April 2012 – Source: KPMG
Despite the shift to indirect tax globally a new survey released by KPMG International shows that businesses are simply not keeping pace. In fact, according to KPMG International’s 2012 Benchmarking Survey on VAT/GST, VAT/GST continues to be under-resourced, under-managed and under-measured by the majority of global businesses.
This year’s survey builds on the success of the first ever global VAT/GST benchmarking survey, published by KPMG in 2011, with new questions and comparative analyses for 225 respondents headquartered in 24 countries.
Highlights from the survey
Significant opportunities are being missed to manage risk more efficiently and effectively, improve cash flow and reduce bottom-line cost.
There is greater evidence of quality VAT/GST management in Europe, the Middle East and Africa (EMEA).
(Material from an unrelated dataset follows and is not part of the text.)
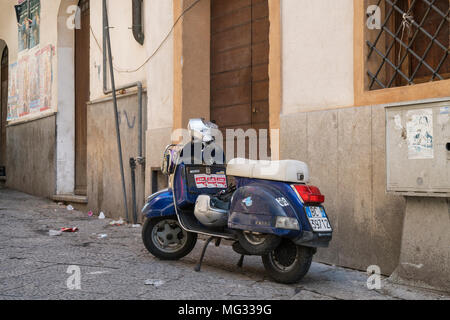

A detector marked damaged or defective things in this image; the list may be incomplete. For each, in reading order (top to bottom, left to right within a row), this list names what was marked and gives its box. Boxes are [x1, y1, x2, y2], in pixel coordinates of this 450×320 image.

torn poster [406, 109, 434, 160]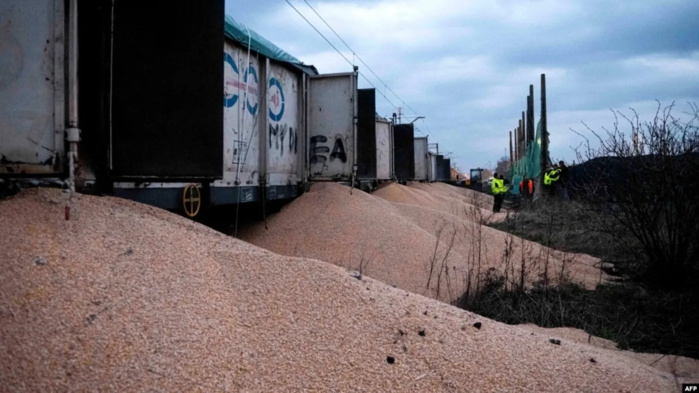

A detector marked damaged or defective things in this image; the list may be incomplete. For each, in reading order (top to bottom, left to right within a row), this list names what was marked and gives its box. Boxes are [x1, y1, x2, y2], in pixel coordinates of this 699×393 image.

rusty train car [1, 0, 442, 217]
In Asia Pacific (ASPAC) and Latin America (LATAM), however, businesses should be concerned about how compliance risks are being managed.
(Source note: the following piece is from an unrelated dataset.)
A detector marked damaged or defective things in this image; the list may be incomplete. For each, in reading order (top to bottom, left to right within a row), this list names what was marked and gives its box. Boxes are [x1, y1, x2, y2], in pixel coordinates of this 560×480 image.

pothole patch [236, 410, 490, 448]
On average, larger businesses demonstrate higher levels of performance benchmarking and resource allocation to VAT/GST. Businesses in the financial services sector are much more likely to judge the effectiveness of their tax department with VAT/GST in mind and set key performance indicators (KPIs) to do just that.
Compared to the 2011 survey results, there is tangible evidence that some businesses have started to take steps in the right direction to deliver effective VAT/GST management on a global scale, although there is still a long way to go to keep pace with the obligations, risks and opportunities which the shift to indirect tax globally is creating.